To combat these challenges, the CNSX is in the closing stretch of a five-year overhaul of its trading platform, created in conjunction with provider Nasdaq OMX. CNSX is also working with Nasdaq OMX to identify bottlenecks in the system. According to Carleton, the system overhaul is now in production—with about four new releases per year—and is about ready to be delivered.
“We’re coming up to the five-year mark, which is pretty much as long as you want to run something in production in this day and age, so we’re working with Nasdaq OMX to work through the requirements and delivery schedule for the next-generation trading system,” he says.
Additionally, the CNSX is in the midst of deploying appliances from Solace Systems to manage its market data broadcasts. The Solace integration will allow CNSX to insulate the trading system better, Carleton says. While the Solace boxes are currently in production, no clients were connected at press time. Carleton says they are letting the system run for a couple of weeks for gateway testing.
The CNSX is also working on a full upgrade of its backbone network inside the trading system itself. It is looking at an InfiniBand migration for the network and has deployed a variety of Mellanox Technologies switches to provide it with Layer 3 capability, which will help the exchange to support the Solace integration and the migration to InfiniBand.

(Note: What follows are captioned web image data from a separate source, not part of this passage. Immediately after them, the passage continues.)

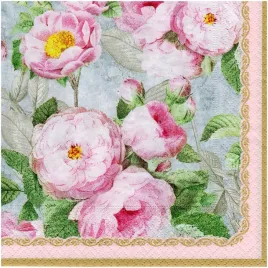 serwetka-do-decoupage-33x33cm-roses-in-bloom-roze-1szt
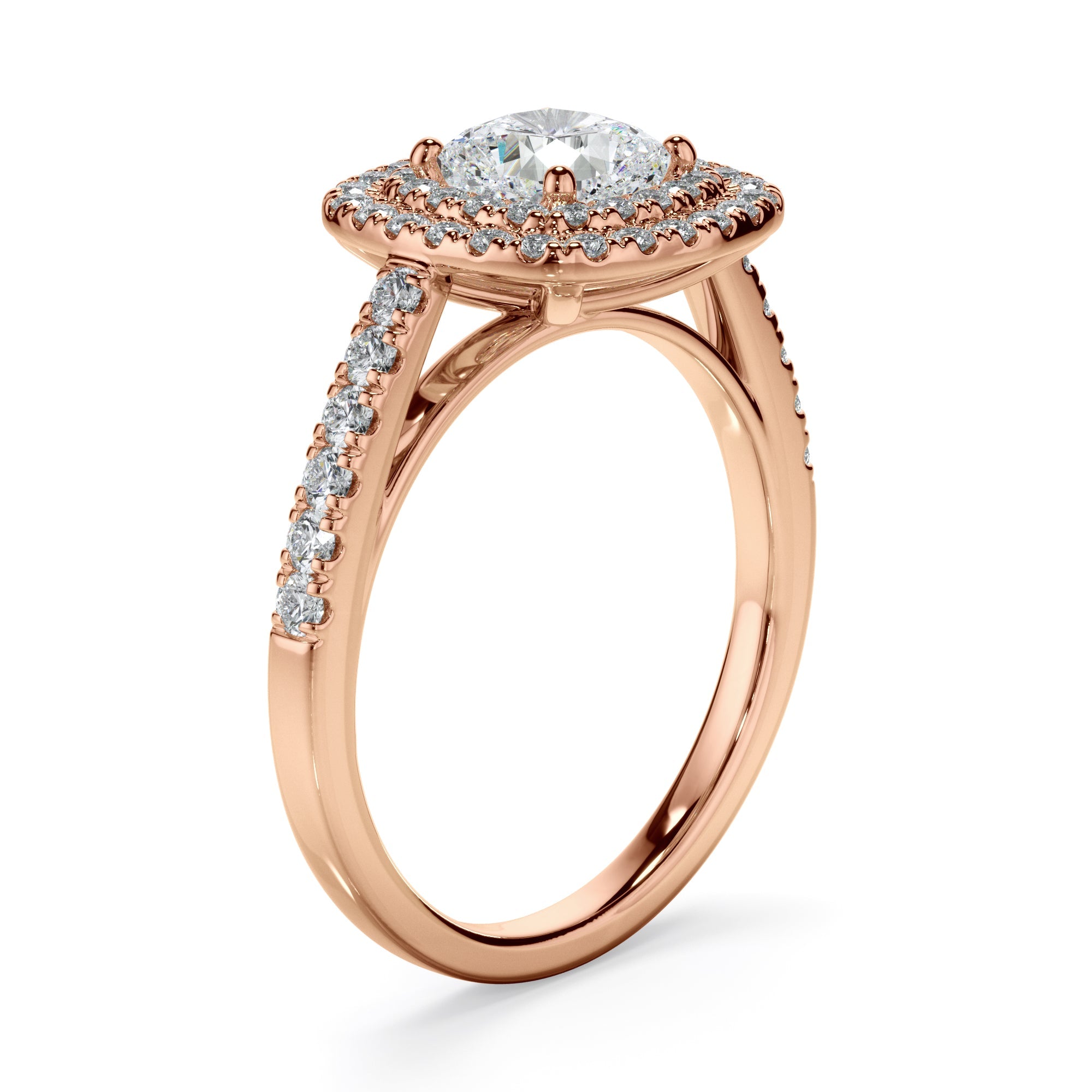 1.45ct Cushion Cut Laboratory-Grown Diamond Ring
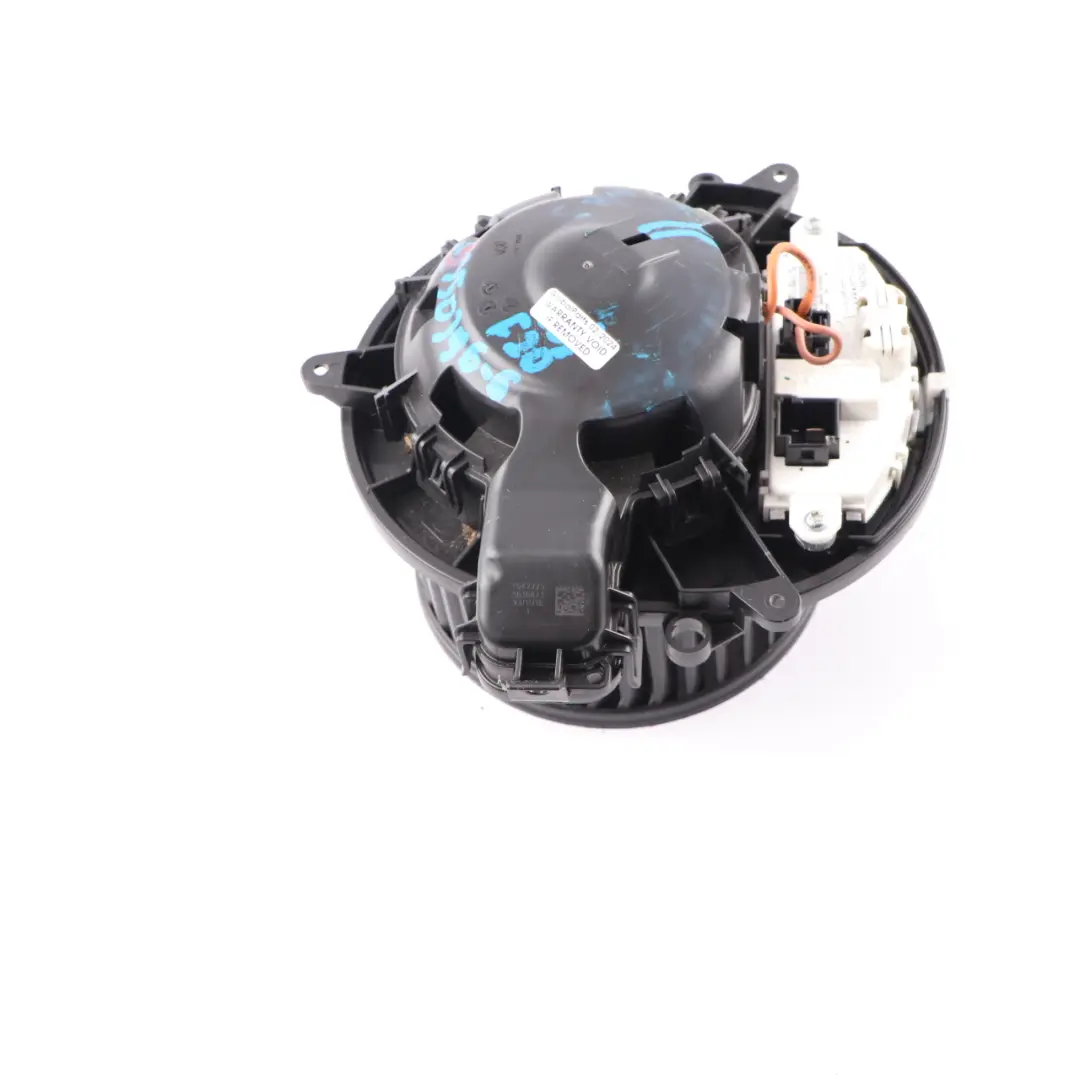  Heater Blower BMW F20 F21 F30 F31 Fan Unit Air Conditioning Motor 9270254 - SKU rhd-9350396-6 - Part number 9350396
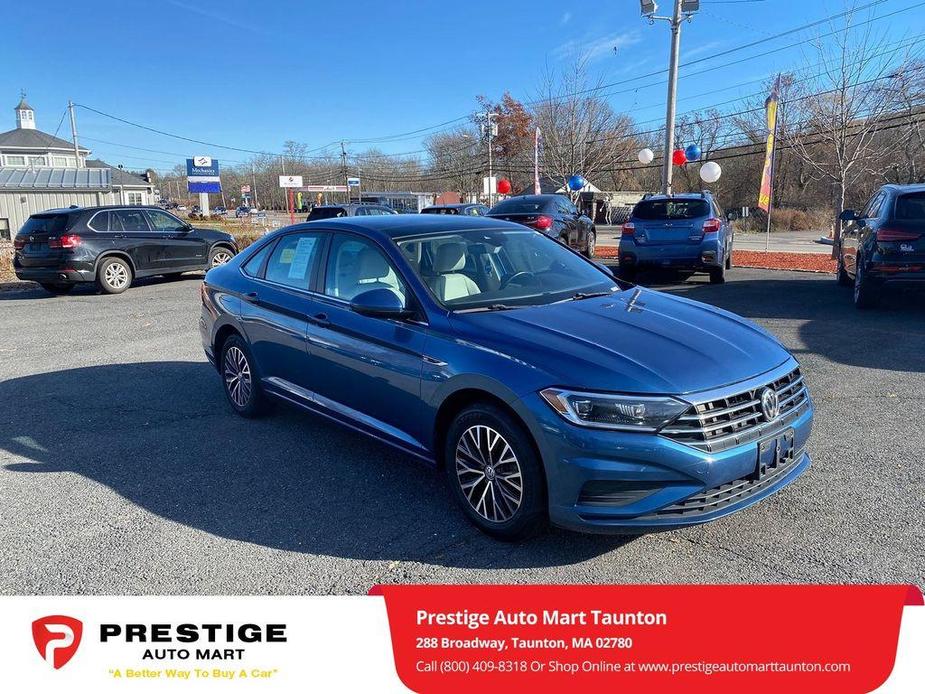 used 2019 Volkswagen Jetta car, priced at $15,934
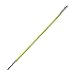 Jameson Fiberglass Sectional Pruner Pole with Foam Core - 8 Feet, Yellow primary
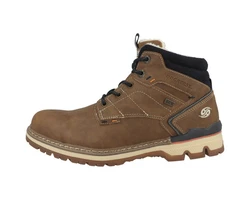 Dockers by Gerli Schnürboots DockTEX 53TA103 Braun/Dunkelbraun/Beige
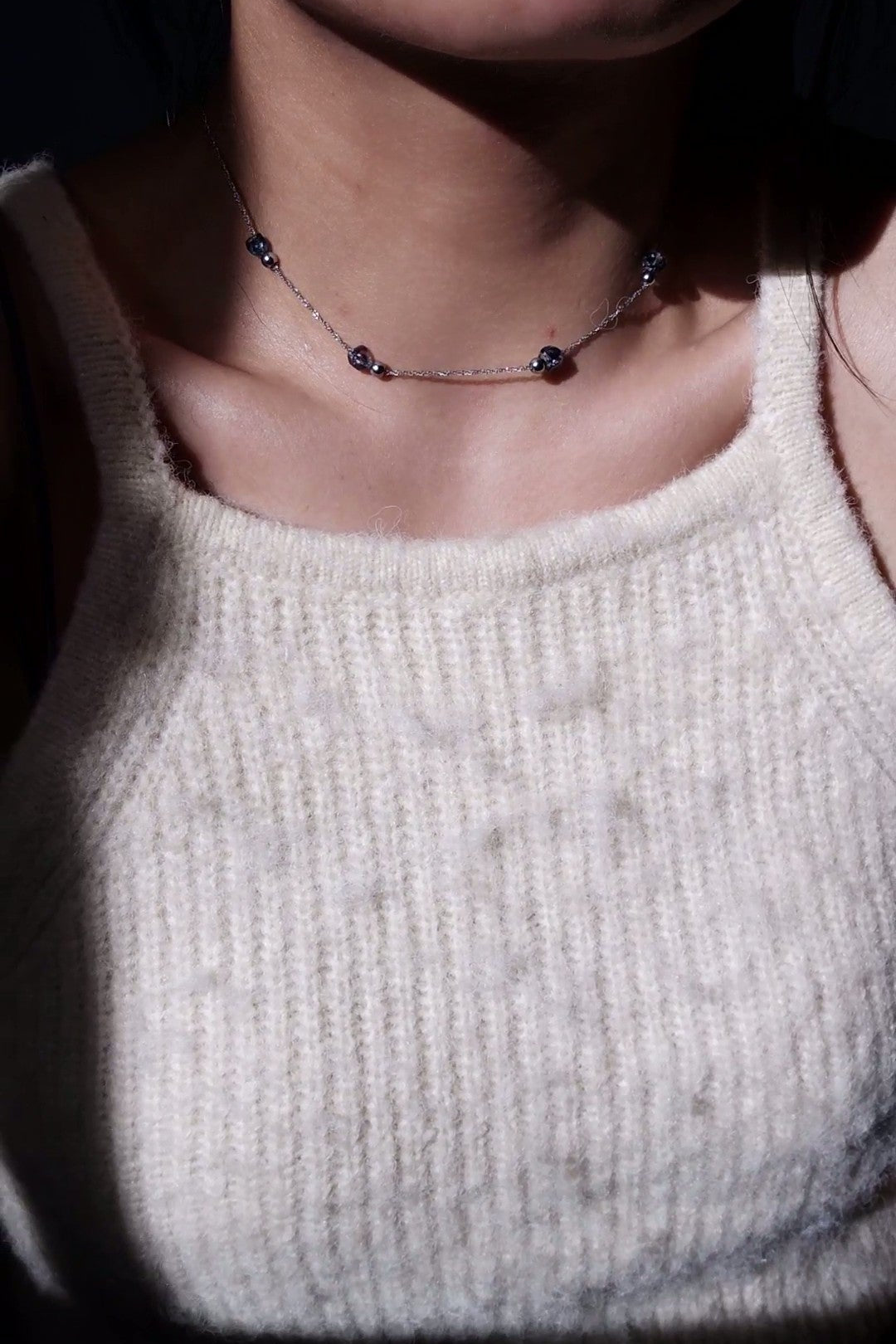 YOI / station necklace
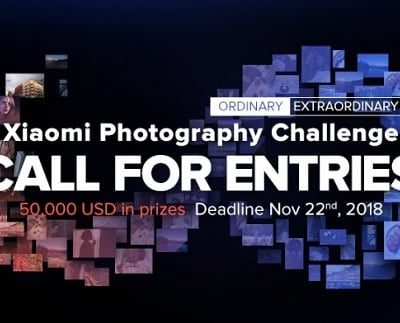 Chance to win $50,000 with Xiaomi Photography Challenge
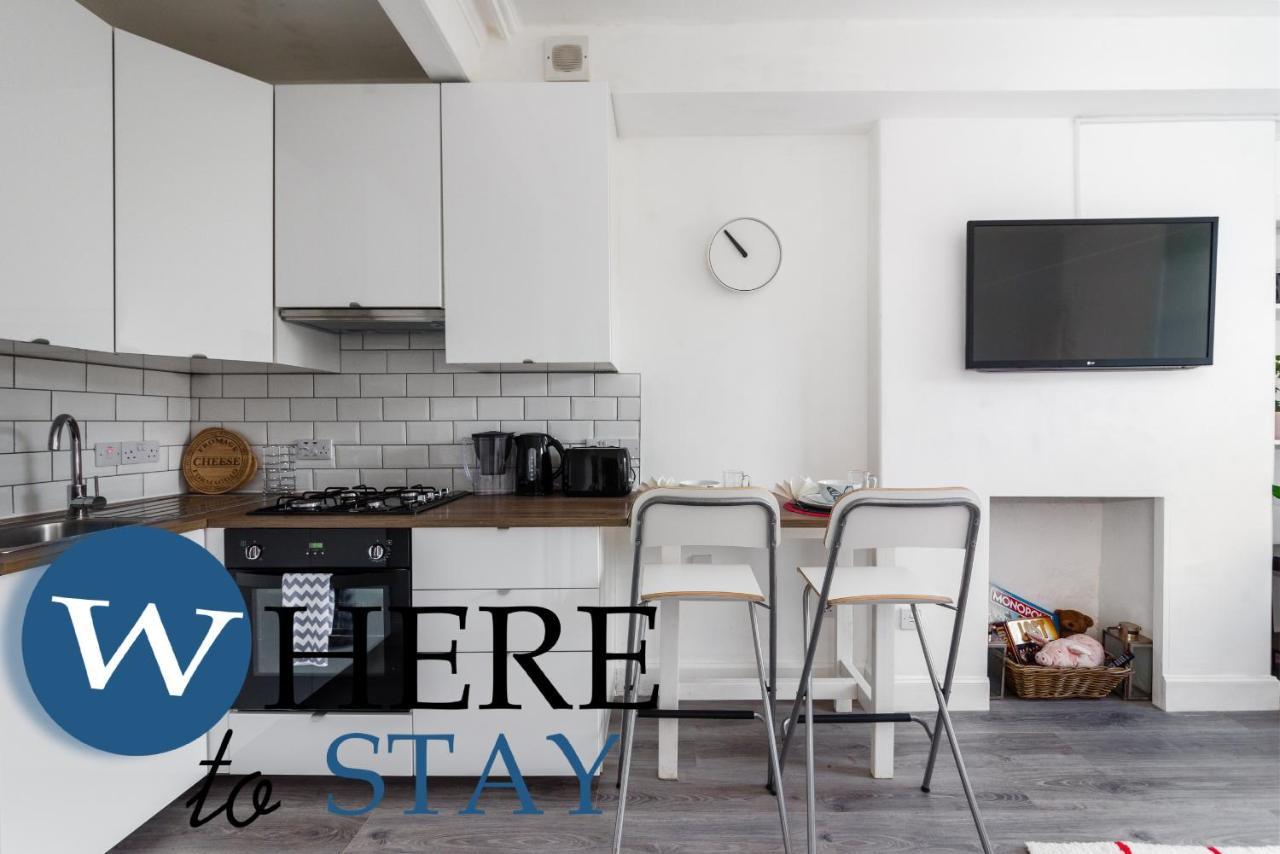 Lovely Modern Apartment At The Shore Edinburgh Bagian luar foto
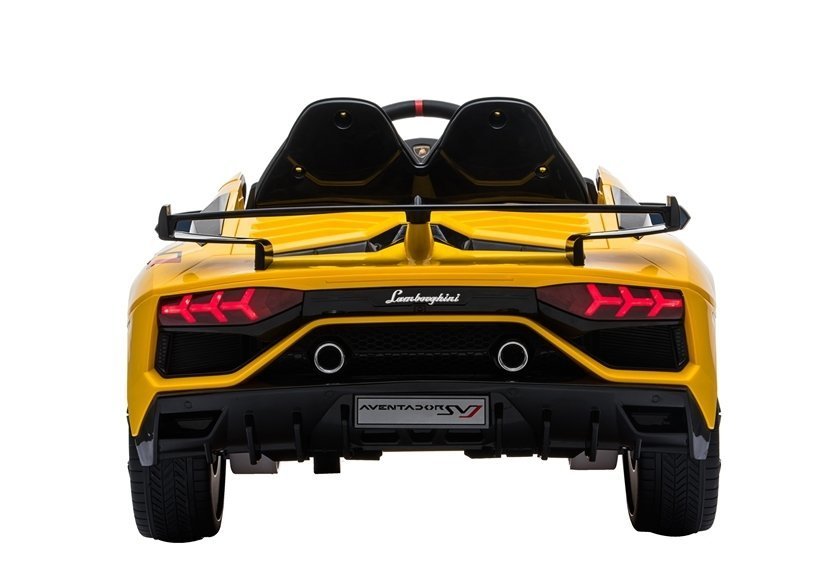 Kinderfahrzeug Lamborghini Aventador - Ledersitz EVA-Reifen, 4 Farben
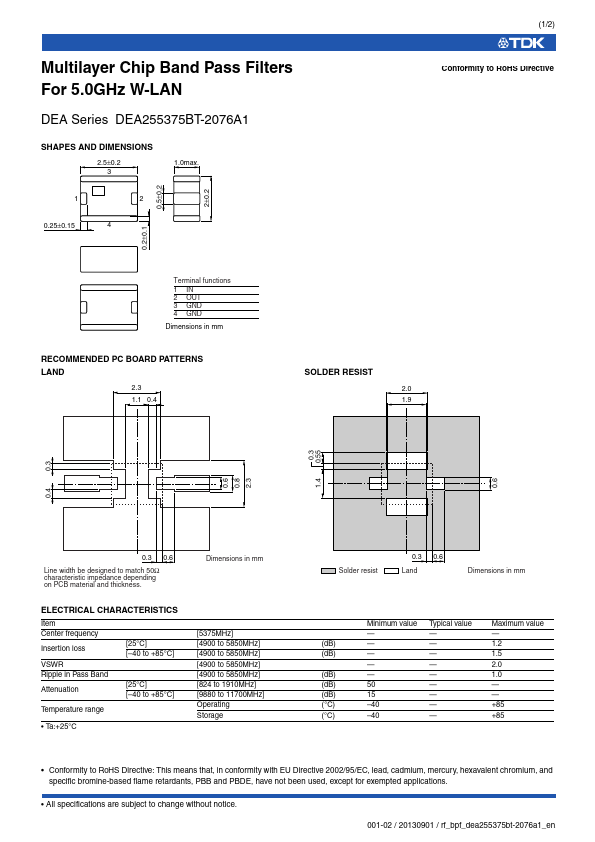 DEA255375BT-2076A1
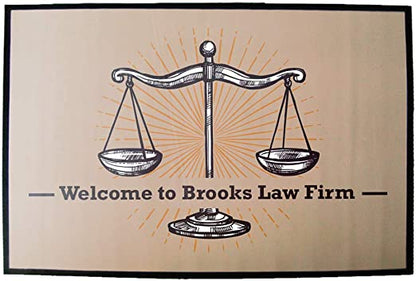 law firm doormat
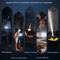 TitanBeam Long Range LED Flashlight Zoomable Tactical Torch 4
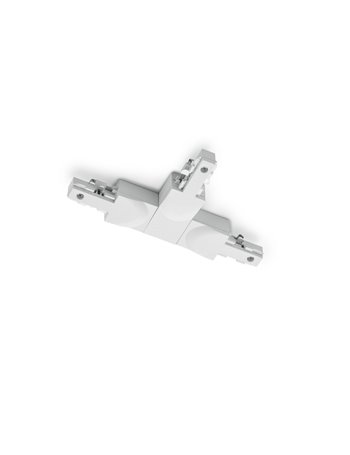 Duoline raccordo a " t " bianco terra a sx l. 16cm x h. 10cm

Last but not least, the CNSX is building out its optimization capabilities in order to relieve strain on its databases, Carleton says. “One of the things that we’re focusing on, away from the real-time capabilities that normally capture most of our attention, is the production databases,” he says. “They are also experiencing a lot of strain as a result of the increased volumes. So we’ve had to do a lot of optimization work—we’re an Informix user—both with the Informix application itself and the hardware platform supporting the database. The simple act of preparing end-of-day files for clearing and settlement, if it takes you 12 hours to do, means you’ve blown the cycle for everybody, which puts a lot of cost and extra manual handling into the system.”
There is a lot of support for the CNSX throughout the Canadian marketplace, if for no other reason than it helps firms go public, which is good for everybody.
“One thing that they do very well is that their process for going public is much easier with CNSX, which it needs to be with those micro-level companies that can’t afford to be putting out a lot of money with respect to going public,” says Renée Colyer, the CEO of Forefactor, a Toronto-based consultancy. Colyer adds that it helps that the CNSX team comprises former TSX employees. “So that they have experience, they know what they’re doing, and they’ve chosen a business model that bridges the gap in Canada,” she says.
Even Omega’s Bignell agrees with Colyer—with a caveat: “Their strength is that they’re able to get out to the smaller companies and get them on their board,” he says. “The CNSX provides a platform for smaller-cap companies to get into the public eye and raise money. That’s not a bad place to be in a booming economy, and it’s a little tougher when the economy isn’t as robust as it was. The economy is coming back but it’s certainly a tough place to compete for listings.”
For the CNSX and Pure to continue to compete with the likes of the TSX and TSX-V, they will have to make sure their bets on technology—and the listings business—pays off.
“One of our big advantages is that we are an exchange, not just an ATS,” Bandeen says. “This brings both benefits and obligations. Unlike an ATS, we must conduct our business with an eye to what is in the public interest. Luckily, our senior management is united in wanting to fulfill that obligation.”